- _STORED DATA_
*** Begin section ***

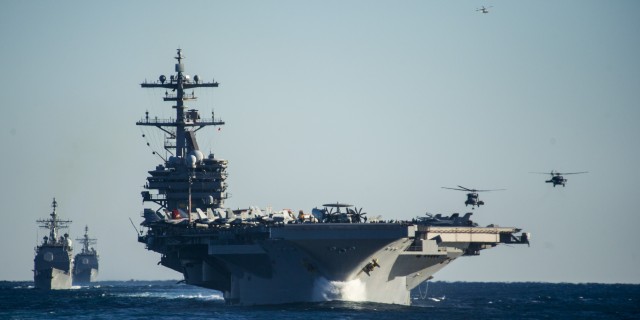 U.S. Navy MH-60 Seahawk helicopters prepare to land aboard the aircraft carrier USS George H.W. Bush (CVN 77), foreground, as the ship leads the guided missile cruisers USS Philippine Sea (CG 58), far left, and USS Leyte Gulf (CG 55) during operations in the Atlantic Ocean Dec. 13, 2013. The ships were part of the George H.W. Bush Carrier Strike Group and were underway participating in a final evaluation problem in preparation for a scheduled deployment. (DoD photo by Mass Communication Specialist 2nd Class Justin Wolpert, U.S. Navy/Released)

*** End section ***
*** Begin section ***

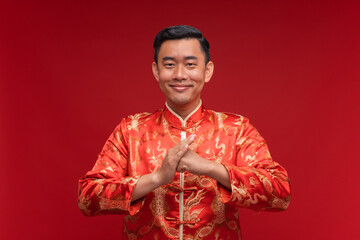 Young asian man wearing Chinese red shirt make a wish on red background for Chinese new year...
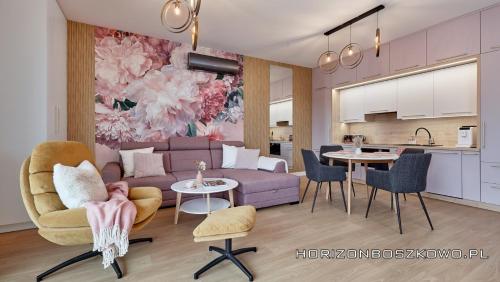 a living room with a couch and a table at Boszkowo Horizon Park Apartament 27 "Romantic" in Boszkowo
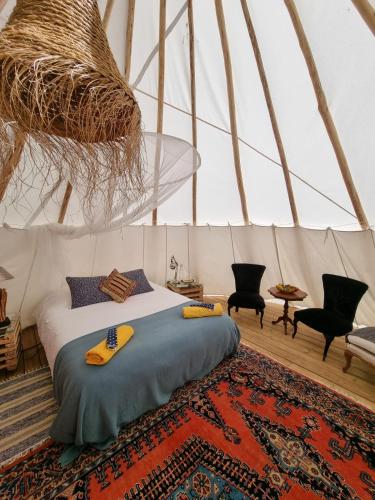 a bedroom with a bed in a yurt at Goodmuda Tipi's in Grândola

*** End section ***
*** Begin section ***

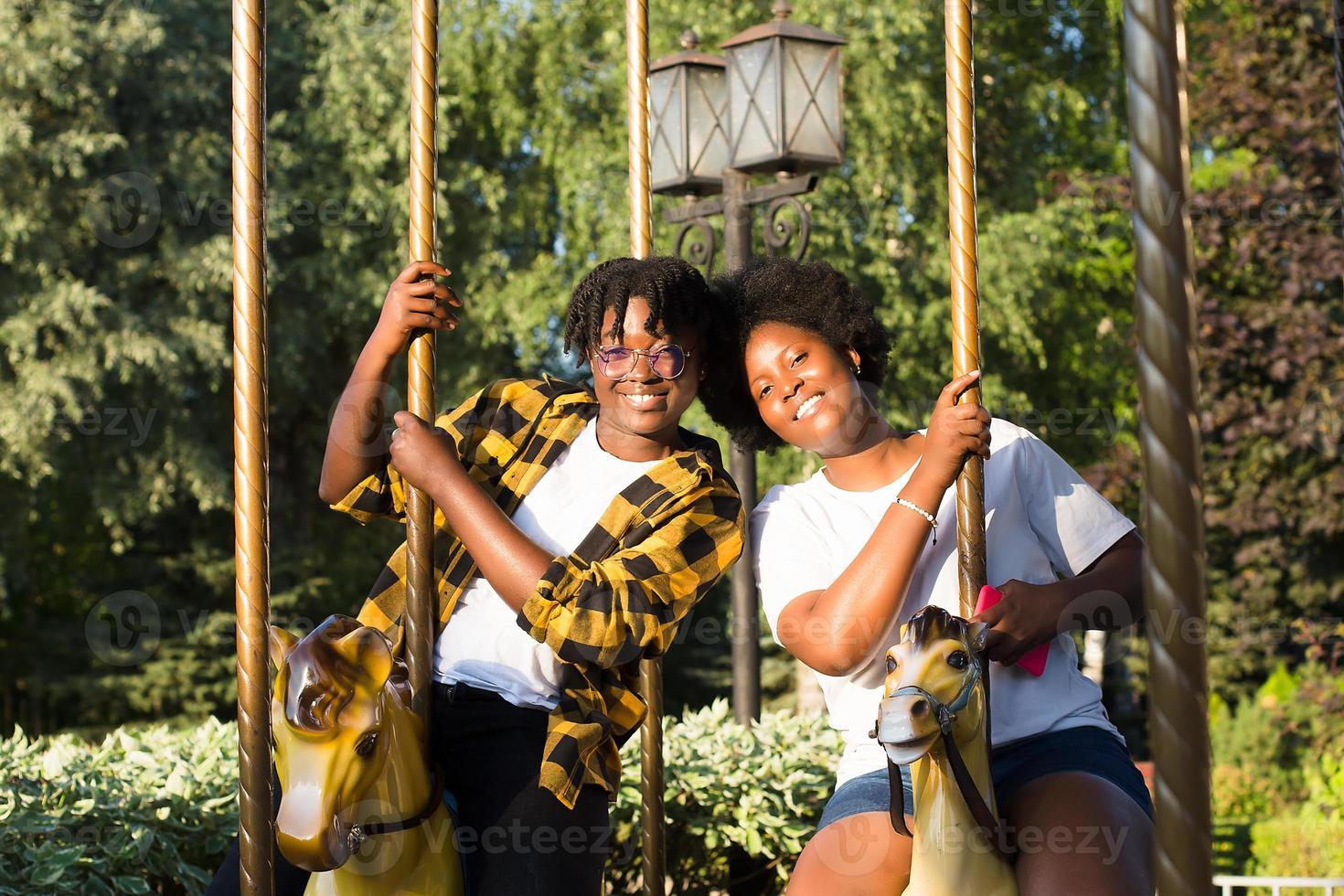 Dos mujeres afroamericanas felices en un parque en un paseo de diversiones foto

*** End section ***

- _TRY IT_
What do the entries above read from the line containing "a living room" through the line containing "a bedroom with"? Output those lines exactly, both ends included, with the pictures left out.

- _EXPECTED ANSWER_
 a living room with a couch and a table at Boszkowo Horizon Park Apartament 27 "Romantic" in Boszkowo
 a bedroom with a bed in a yurt at Goodmuda Tipi's in Grândola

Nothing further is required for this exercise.